◆ Activity:
Transcribe the lines below exactly, beginning with the line that holds "2025-01-17 - Sparkassencup in Schmölln" and ending with the final line, both included. Pictures are to be left out.

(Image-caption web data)
■ ■ ■ ■ ■
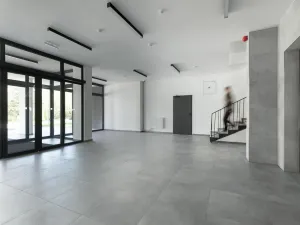 Pronájem bytu 2+kk, Havířov - Podlesí, Okrajová, 39 m2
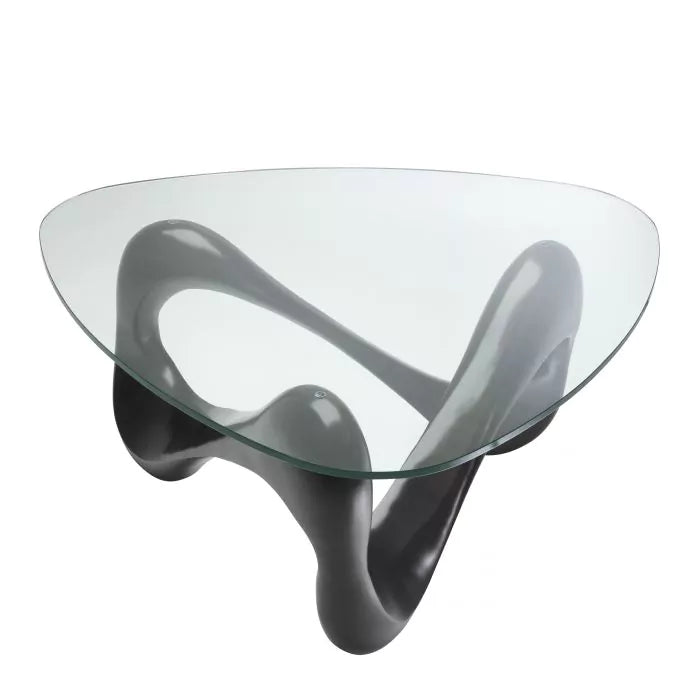 COFFEE TABLE AVENTURA - EICHHOLTZ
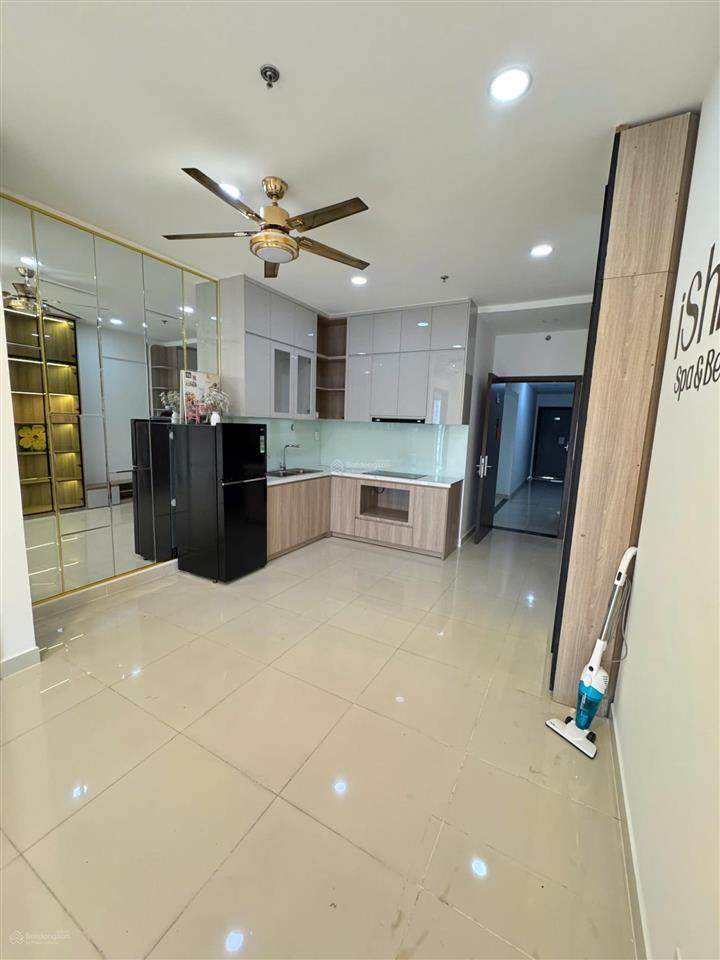 Bán căn hộ chung cư 3pn sunrise city central  q7, nội thất đầy đủ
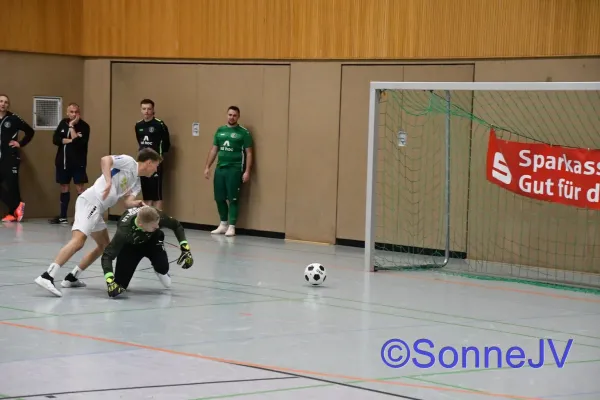 2025-01-17 - Sparkassencup in Schmölln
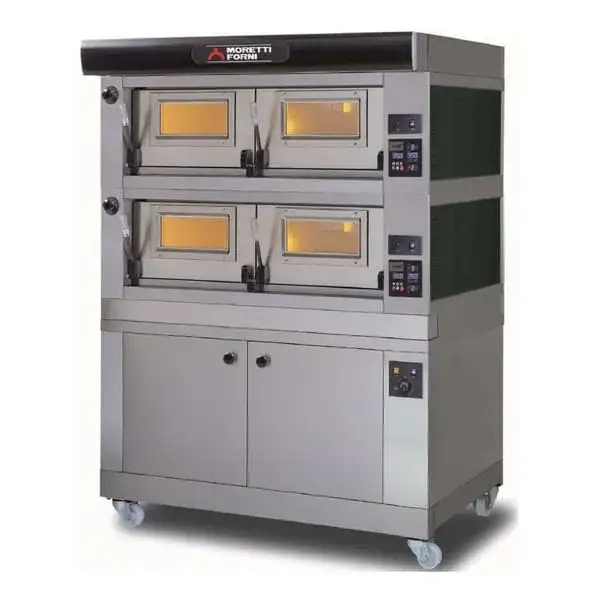 AMPTO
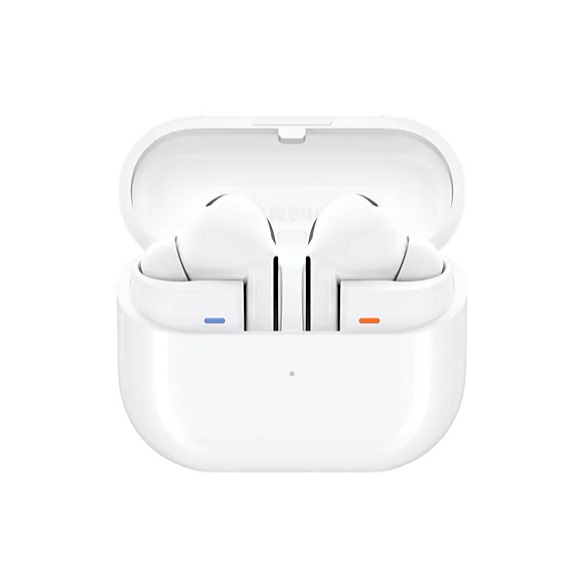 SAMSUNG GALAXY BUDS3 PRO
■ ■ ■ ■ ■
◆ Completed exercise:
 2025-01-17 - Sparkassencup in Schmölln
 AMPTO
 SAMSUNG GALAXY BUDS3 PRO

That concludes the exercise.